Neurodiversity Pride Day – reflections on what pride actually means 

CW: mental health

Today is Neurodiversity Pride Day. Big yay to that! But I must admit that pride doesn’t really sum up how I feel today. Let me explain…. Yesterday I discovered that a hacker had stolen $8600 from my credit card. Anyway would struggle with that but for me it was especially traumatic. I have been very anxious about online security for the past year, By anxious I mean the kind of anxiety that results in psychosis and suicide attempts (I speak form unfortunate experience on both of those things). When I realised I had been hacked yesterday I was in a world of stress. I am going to need to contact the bank later today to find out what the person at the bank that I spoke to yesterday actually said because I was so stressed I missed most of it!

So not feeling at all proud – mostly feeling very stressed and depressed and uncertain about anything I used to take for granted in terms of security. But it is Neurodiversity Pride Day and I am not only multiply neurodivergent I am also an advocate. So I am proud within all of that fear and misery.

So what does Neurodiversity Pride Day even mean? Why should I be proud? What does pride do for me as a neurodivergent person who is managing a lot of stress at present? 

Well to my mind pride is all about owning your identity and celebrating achievements – and often celebrating our survival in a world that doesn’t always value or support us. I should feel proud to be a neurodivergent survivor, someone who has struggled in life due to ableism and the medical model of disability an discrimination and bullying based on my neurotype. I should celebrate my neurodivergent culture. I should celebrate the fact that there are now so many advocates out there with their message of encouragement, empowerment and activism. 

I started doing this in 2005 (cue groan from audience who have heard the ‘Yennski has been an advocate for almost twenty years’ statement many times before….) Anyway when I started there were just a few advocates active in the neurodiversity space, most of them being Autistic people.
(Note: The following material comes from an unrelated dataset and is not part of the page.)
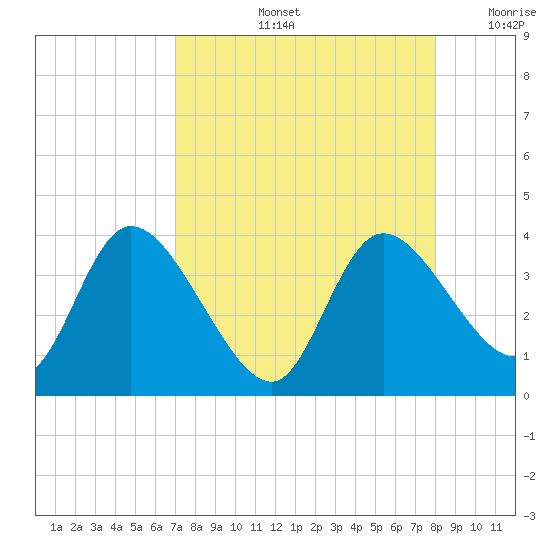 Florida Power tide chart for Friday, August 23, 2024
There were a handful of books written by Autistic authors – including my first book. There was a neurodiversity movement but it was in its early stages. I remember that parents of autistic kids often had some really unhelpful views. Advocacy was very hard and people talking about the strengths of Autistic people was rare. People now call me – and presumably my colleagues who were working alongside me in the early 2000s and those active in the 1990s –  a trailblazer in the advocacy community. Flash forward to now and the neurodiversity approach is so frequently taken on board by people who in the past would have been giving me a hard time and telling me that ‘you don’t speak on behalf of my child’ or ‘my child is severely autistic and you are mild’ etc. 
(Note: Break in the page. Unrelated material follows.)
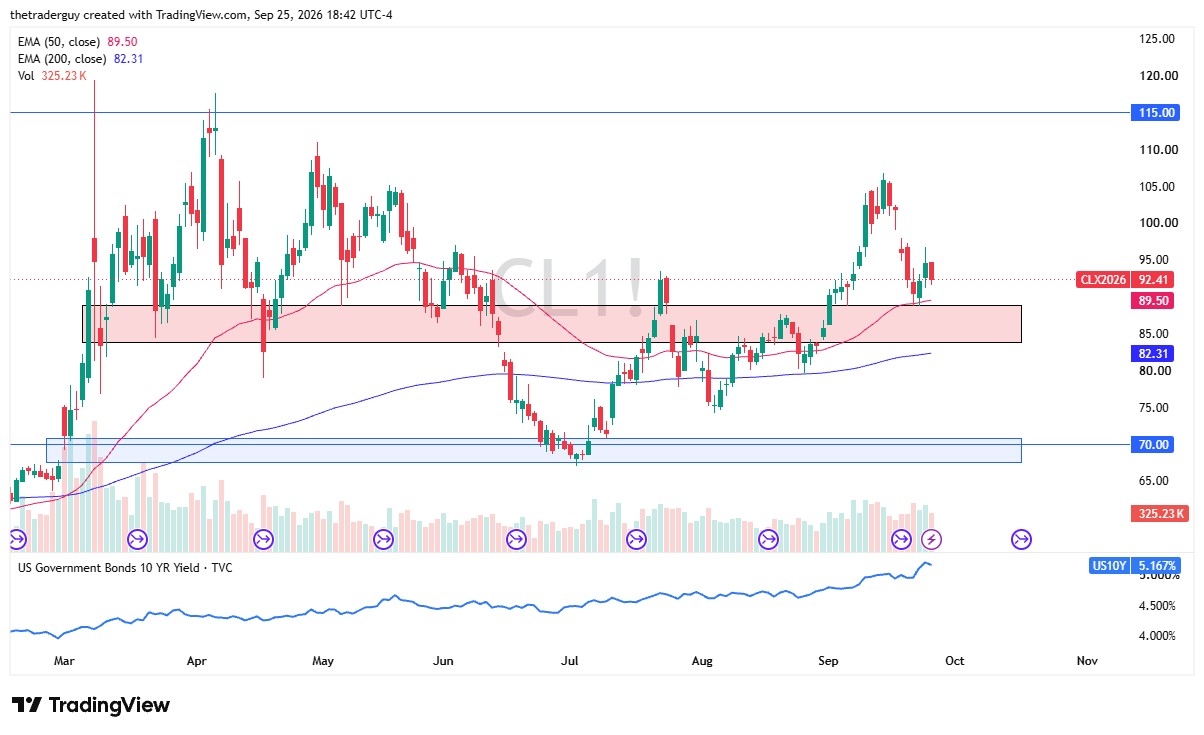 WTI Crude Oil Price Chart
On Pride Day I want to celebrate all my fellow advocates – whether they have been active for 20 years or two months, whether they are 70 or 17. They are so many of us now with all our different perspectives and it is a good thing.

Pride is not just about celebrating achievements though. It is about acknowledging the work and contribution of neurodivergent people and the challenges that we have faced and overcome. Pride is about identity – about owning who you are. Pride is about knowing that you have limitations and that life can be challenging but engaging with it anyway. You don’t have to be happy to be proud and often for neurodivergent folks happiness can be a difficult thing to attain.
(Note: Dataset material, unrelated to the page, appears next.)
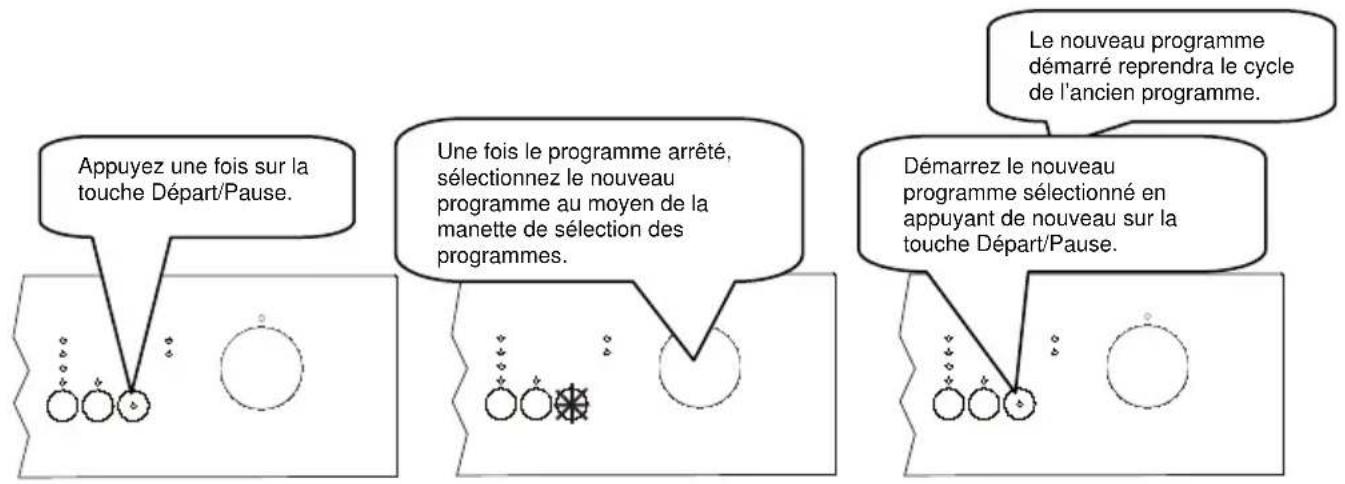 Wellington WLV2147 - Modifier un programme - 1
I am proud to be Autistic and an ADHDer. I am even proud to have a schizophrenia diagnosis –  although there isn’t a day for that. (Maybe I should create one…) Pride is such an important thing for members of groups that face disadvantage in society. So today I am sad and stressed but also very proud. I have survived in a would which hasn’t always been very supportive or inclusive and I am still here, still advocating, still fighting for a better world.

I recognise my fellow neurodivergent people on this day,. I see so many people advocating for a better world for neurodivergent folks. We have gone from a handful of people to a huge movement which has rewritten the script about neurodiversity and inclusion. Big yay to that. And happy pride day!  

One thought on “Neurodiversity Pride Day – reflections on what pride actually means 

  1. Hi Yennski – I’ve also had a credit card hacked for thousands of dollars (while buying a chicken kebab in an international airport. – revenge of the chicken – lol). Anyway – I got all my money back. The bank takes responsibility for this – you will be fine. It is stressful though. Just want to reassure you that you will get your money back.